Where does the word "Animal" show up in the records? Copy every line that has it.

Data for the task Start Marker

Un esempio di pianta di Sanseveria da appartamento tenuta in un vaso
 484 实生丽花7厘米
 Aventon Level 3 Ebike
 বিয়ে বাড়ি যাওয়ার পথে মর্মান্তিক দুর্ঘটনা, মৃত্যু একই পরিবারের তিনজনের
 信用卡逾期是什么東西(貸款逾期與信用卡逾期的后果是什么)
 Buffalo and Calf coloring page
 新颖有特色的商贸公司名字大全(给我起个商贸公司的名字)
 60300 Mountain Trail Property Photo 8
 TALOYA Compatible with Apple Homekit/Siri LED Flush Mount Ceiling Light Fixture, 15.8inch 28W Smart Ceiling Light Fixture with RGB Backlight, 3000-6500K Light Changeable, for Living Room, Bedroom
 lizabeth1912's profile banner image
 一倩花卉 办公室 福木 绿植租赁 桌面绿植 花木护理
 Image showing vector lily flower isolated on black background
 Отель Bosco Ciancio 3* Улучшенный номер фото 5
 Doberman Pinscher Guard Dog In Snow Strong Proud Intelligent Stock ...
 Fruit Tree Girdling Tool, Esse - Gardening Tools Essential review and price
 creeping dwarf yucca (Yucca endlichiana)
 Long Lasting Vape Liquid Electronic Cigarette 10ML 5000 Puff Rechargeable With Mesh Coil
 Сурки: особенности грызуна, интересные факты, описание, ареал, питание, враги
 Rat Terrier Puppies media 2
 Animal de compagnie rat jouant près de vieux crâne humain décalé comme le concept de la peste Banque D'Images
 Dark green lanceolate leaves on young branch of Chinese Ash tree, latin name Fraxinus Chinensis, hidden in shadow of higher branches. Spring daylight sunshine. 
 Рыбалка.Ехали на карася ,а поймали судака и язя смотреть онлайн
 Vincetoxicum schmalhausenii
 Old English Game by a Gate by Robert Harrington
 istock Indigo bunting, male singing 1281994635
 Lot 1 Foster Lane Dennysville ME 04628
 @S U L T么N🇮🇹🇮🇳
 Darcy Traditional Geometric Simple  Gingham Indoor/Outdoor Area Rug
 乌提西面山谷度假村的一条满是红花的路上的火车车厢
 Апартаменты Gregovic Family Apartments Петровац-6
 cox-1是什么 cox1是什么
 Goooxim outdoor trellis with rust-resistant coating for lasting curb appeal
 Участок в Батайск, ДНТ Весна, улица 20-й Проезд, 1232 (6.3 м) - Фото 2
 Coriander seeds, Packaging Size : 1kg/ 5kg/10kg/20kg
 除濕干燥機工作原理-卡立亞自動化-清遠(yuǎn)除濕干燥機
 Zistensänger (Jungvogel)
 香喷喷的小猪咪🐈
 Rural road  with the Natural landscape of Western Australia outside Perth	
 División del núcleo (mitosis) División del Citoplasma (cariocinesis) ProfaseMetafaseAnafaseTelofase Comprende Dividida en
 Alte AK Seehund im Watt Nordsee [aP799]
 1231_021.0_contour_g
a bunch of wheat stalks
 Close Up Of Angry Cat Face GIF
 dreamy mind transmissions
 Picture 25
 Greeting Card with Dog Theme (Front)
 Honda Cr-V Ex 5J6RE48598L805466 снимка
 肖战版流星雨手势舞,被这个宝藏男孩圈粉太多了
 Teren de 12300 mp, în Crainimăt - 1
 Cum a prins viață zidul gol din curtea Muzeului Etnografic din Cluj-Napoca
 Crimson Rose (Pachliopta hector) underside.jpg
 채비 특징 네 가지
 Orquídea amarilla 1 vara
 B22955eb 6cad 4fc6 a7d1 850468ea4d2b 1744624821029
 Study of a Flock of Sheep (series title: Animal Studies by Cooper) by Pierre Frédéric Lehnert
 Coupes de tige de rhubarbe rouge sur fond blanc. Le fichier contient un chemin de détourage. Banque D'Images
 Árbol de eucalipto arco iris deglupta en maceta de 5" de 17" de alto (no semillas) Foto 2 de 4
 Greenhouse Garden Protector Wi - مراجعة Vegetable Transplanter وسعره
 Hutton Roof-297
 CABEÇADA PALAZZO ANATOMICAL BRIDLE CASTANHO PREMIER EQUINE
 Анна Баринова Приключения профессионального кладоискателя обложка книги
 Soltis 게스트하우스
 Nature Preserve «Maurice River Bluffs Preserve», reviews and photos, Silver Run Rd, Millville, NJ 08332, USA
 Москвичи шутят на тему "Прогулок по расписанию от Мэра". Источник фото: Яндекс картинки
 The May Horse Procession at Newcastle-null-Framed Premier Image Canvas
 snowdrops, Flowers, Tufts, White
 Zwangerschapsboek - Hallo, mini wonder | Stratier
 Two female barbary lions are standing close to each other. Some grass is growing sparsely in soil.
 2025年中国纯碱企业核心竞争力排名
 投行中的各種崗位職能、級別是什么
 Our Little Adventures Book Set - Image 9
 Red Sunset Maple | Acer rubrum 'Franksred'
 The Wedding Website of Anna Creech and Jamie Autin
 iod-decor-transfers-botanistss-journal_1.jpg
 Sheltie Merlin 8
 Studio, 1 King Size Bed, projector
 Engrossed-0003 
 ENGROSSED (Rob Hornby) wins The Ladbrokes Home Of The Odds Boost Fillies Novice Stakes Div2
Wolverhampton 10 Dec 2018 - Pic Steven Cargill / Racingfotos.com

Data for the task End Marker

• [Solution to this problem]:
 Animal de compagnie rat jouant près de vieux crâne humain décalé comme le concept de la peste Banque D'Images
 Study of a Flock of Sheep (series title: Animal Studies by Cooper) by Pierre Frédéric Lehnert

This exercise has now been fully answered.